Nokia Australia held a launch event last night to show off the Australian version of the high-end Lumia 900 and entry-level Lumia 610. Not enough time to fashion a review, but here are my early thoughts.
First things first: It is a little disappointing that we’re not getting the 4G/LTE variant of the Lumia 900, if only because it would be Optus’ first 4G handset — and what a way to start! I was told by Nokia representatives that it’s not likely we’ll ever see a 4G version of the 900 in Australia; that’s apparently an exclusive to the US and Canada only. Dual channel HSDPA+ does have some appeal, however, and the speeds shown last night on Optus’ network were promising.
Annoyances aside, it’s hard not to look (and test) the Lumia 900 and figure it to be a Lumia 800 on steroids; this is definitely the “bigger brother” phone, and as I’ve stated elsewhere, whether you like a bigger phone or not is something of a matter of personal preference. The one thing I did note with the Lumia 900 is that the gorgeous curved design that made the 800 so appealing is necessarily flattened out, and to my eye that’s a less appealing design. Again, your opinion may vary.
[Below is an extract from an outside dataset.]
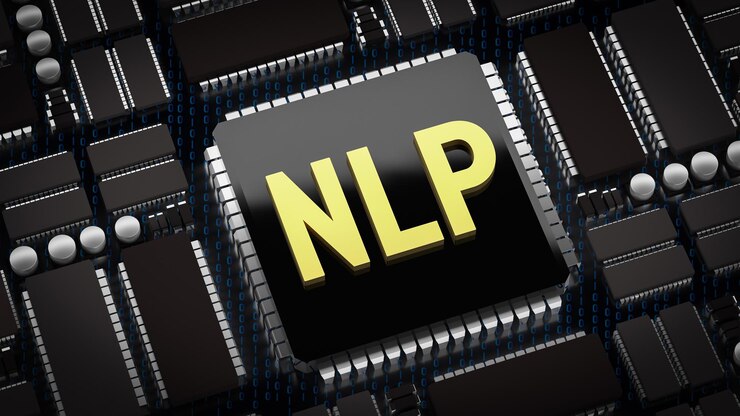Foto el nlp en la placa de pcb para la tecnología o el concepto científico de renderización 3d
Unfortunately, the low light in the launch venue — a cocktail bar — made practical photo testing all but impossible, although I am happy that the Lumia 900’s got a front facing camera, if only for Skype purposes. It’d be even better with expandable memory — 16GB is on the low side, however you paint it — but that’s more a matter in Microsoft’s control as I understand it.
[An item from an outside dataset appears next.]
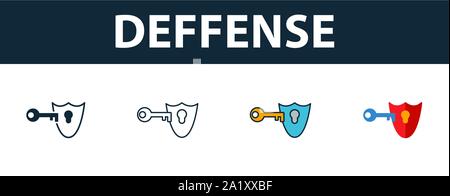 Deffense icon set. Premium symbol in different styles from security icons collection. Creative deffense icon filled, outline, colored and flat symbols Stock Vector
You know where Windows Phone 7 really shows its strength? On low end handsets, that’s where. Where the world of smartphones is racing into quad-core and beyond on other platforms, the Lumia 610 makes do with what seems like a paltry 800Mhz processor. Except that make do isn’t the right word; the 610’s performance from my brief hands-on was quite elegant and snappy, and on the surface, it wouldn’t surprise me to see a few potential Lumia buyers walk out of stores with the 610 instead of the 900.
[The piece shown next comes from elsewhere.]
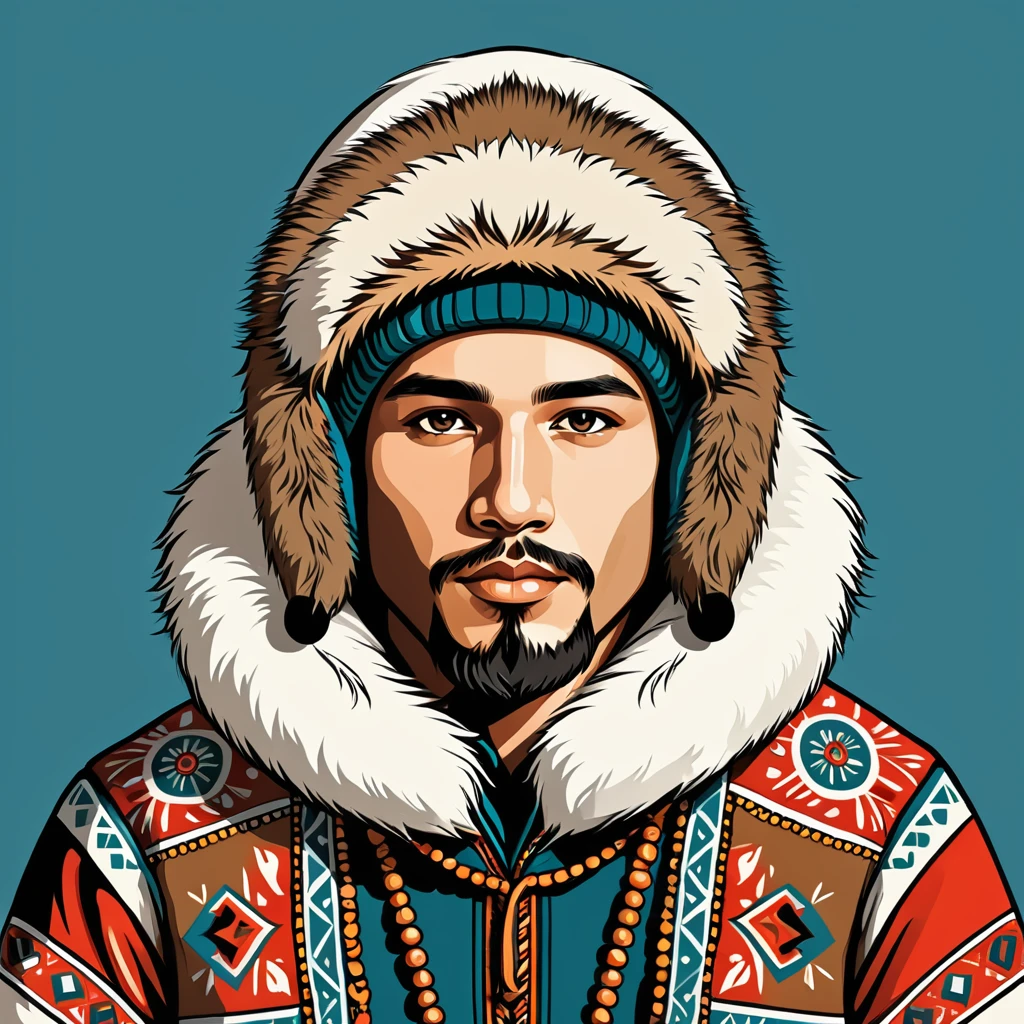 man in eskimo  folk outfit, vector graphics, strong contours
There are some tradeoffs; the build quality is noticeably lower than the 800 or 900, giving it far more in common with the Lumia 710. The comparison with the 710 is an interesting one; if you’re in the market for an inexpensive Windows Phone 7 handset, the 610 would arguably fulfill your needs, given the primary difference between the two handsets is a processor bump you’re unlikely to really notice anyway.
The Lumia 900 should be available in June from Optus on a $60 plan, or $699 outright; it’s a quad-band phone that should work with any carrier. The Lumia 610 in pink or blue will be available through Boost Mobile at $329 in a similar timeframe, with the black model hitting Vodafone in July.